Hacker News new | ask | show | jobs
by jsmthrowaway 3546 days ago
As an operations employee, I'm shocked you've run thousands of servers in some kind of service while talking yourself out of any operations employees. An operations hire is not a prerequisite to moving past dedicated; even with nothing but 200 dedicated servers you are way past the point of needing at least minimal operations. Contract this out if you have to.

We are not a direct cost center that can be discussed in those terms. Our insight will reduce capital and operational expenditure beyond our salary, because that operations hire would have told you how insane of an idea paying $22,000/mo for four cabinets of gear is and why a capital tradeoff with depreciation is a fiduciary responsibility to your investors and shareholders. You can buy at least a dozen U for that each month and then pay for nothing but where it lives with a dash of break-fix to taste.

I can put four cabinets of gear in a colocation for a quarter or less than that if you'd swing a little capital. You are wasting money on poor operations architecture and design and you don't have anybody to really tell you.

Even beyond that operations is a skill, much like marketing. I know a lot of people think they can fake it for a while (and they usually can), but after a point it's time to act like a grown up company and bring someone who does nothing but think about this shit on board. Security, performance, remediation, all the system level grunt work you shouldn't be concerning yourself with as engineers. Or you can keep throwing multiple operations salaries at your four cabinet OVH deal and keep getting ripped off.

1 comments

We have no dedicated servers as we're running everything on GCE. Our use case is highly specific as we've a huge ingress network requirements, which we're getting free of charge.

> "You can buy at least a dozen U for that each month and then pay for nothing but where it lives." We don't need dozen a month. We need hundreds now. We may not need them in 6 months though and then what? Will I rent them out?

That's the sort of capacity planning and management an operations chief would do for you several quarters out, based on experience with shifting business needs that they have acquired over a career of dealing with highly specific use cases.

Think of it as putting an intelligent layer between your demand metrics and your server fleet. I live for utilization, just like you live for your product. Hire an operations nerd who does and your company will be much better off for it; based on description it sounds like you or the other engineers are already involved in operations anyway, so you probably won't need two. Hire one and let them tell you.

So you're saying that we have to rely on a magic wizard to guess our future capacity?

Whatever. We'll just redo the collo vs GCE comparison accounting for the wizard fee and a margin of error on his future guess:

- Should be at least $200k/year (USA) or £100k/year (UK) for that kind of skill. How many of such wizard do we need? This price is only for one.

- Add 100% on the expected hardware costs. Because hardware is cheap, what is expensive is buying the wrong hardware and having to buy it again.

Would you denigrate a software engineer by saying you had to rely on them as a magic wizard for their knowledge the same way you're referring to someone with ops/capacity planning experience?

Experience and knowledge isn't wizardry or magic, but as a business owner you're free to burn up your cash on pride if that's what you'd like to do. Not every problem's solution is a google search or API call away.

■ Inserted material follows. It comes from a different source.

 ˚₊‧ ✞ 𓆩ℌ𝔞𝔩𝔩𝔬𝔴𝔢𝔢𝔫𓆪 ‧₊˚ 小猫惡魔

I am a SRE, I've done software engineering for years, and I do ops and lots of capacity planning at the moment. I have no intention to denigrate anyone.

The word you should have focused on was 'magic'. In the same way that magic does not exist, it is not possible to plan future capacity with accuracy. It can even get worse if the system is of limited size because the time spent on analysing and planning can quickly cover the savings.

The only way to have good predictions is to already have the systems running in production [for months], with a [mostly] static user base, running applications that don't evolve, and never add any additional service. Given these circumstances, we could have good metrics on current usage and make good prediction on the future... except that to be at this point the hardware has had to be bought already.

> In the same way that magic does not exist, it is not possible to plan future capacity with accuracy.

I...what? Capacity Planning for Unpredictable Growth is literally SRE 103. It's hard and will have a margin of error, yes, but it's not bloody magic. The "magic" is in identifying and collecting the correct metrics that somewhat model the abstracted utilizations of the property, because almost everyone picks the wrong ones; this is situational so there is no blanket advice to offer except that load average is almost certainly wrong, as well as consulting only one metric. If you're working capacity from five or six key application metrics you're probably on the right path.

SRE is, quite specifically, application operations engineering. If you can't model your application's growth I'd be more inclined to call you an SA. (There's absolutely nothing wrong with that, to be clear, even speaking as an SRE. And I am aware several valley companies are diluting the term.)